The CDPP’s submission was consistent with the Court’s decision, noting that community safety and general deterrence should be of paramount consideration in determining the sentencing outcome.
Mr Homewood’s defence counsel submitted to the New South Wales Criminal Court of Appeal that the firearms sentence was manifestly excessive and that the sentencing judge erred in declining to impose an Intensive Corrections Order (ICO) to be served in the community in relation to the terrorism offence.

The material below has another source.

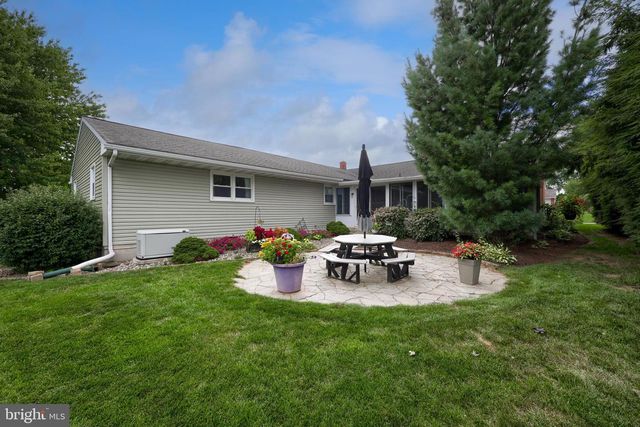 413 W CEDAR ST, New Holland, PA 17557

The Court accepted the defence counsel’s submission that the sentence imposed for the firearms offence was manifestly excessive. It ruled that 8 months’ imprisonment was irreconcilable with the sentencing judge’s finding that the level of objective seriousness was not in the worst category. As such, deducting 25% for Mr Homewood’s early guilty plea should not have been calculated based on the 12 months’ maximum penalty.
The Court agreed however with the CDPP’s position that any such term to be served in the community was not an available option for a terrorism offence contrary to s80.2C of the Criminal Code.
Of note, following the notice of appeal submitted to the New South Wales Criminal Court of Appeal, by Mr Homewood’s defence counsel, the sentencing judge – whose authority in the matter had come to an end – erred by subsequently amending Mr Homewood’s original sentence, with a separate order in lieu of the non-parole period for the terrorism advocacy offence.
The Court found the sentencing judge had erred by acting outside of the statutory and common law principles in making the amendment after Mr Homewood’s judgement had been handed down.
The CDPP submitted that given the objective seriousness of Mr Homewood’s offending, other than to resentence to correct the sentencing judge’s error, no lesser sentence is warranted in law.
The Criminal Court of Appeal gave consideration to Mr Homewood’s subjective characteristics noting the support he has from his family and that together with therapy, these factors are likely to be central to his prospects of rehabilitation and overcoming his deep social isolation.
While the CDPP argued that no lesser sentence was warranted, the Criminal Court of Appeal disagreed and resentenced Mr Homewood to 2 years and 4 months’ imprisonment with a non-parole period of one year and 9 months for the terrorism offence and a wholly concurrent 5 months’ imprisonment for the firearms offence.
In consideration of general deterrence, specific deterrence and the need to protect the community at the forefront, consistent with the CDPP’s submissions, both the District Court and the Criminal Court of Appeal found that no sentence other than full-time imprisonment as appropriate.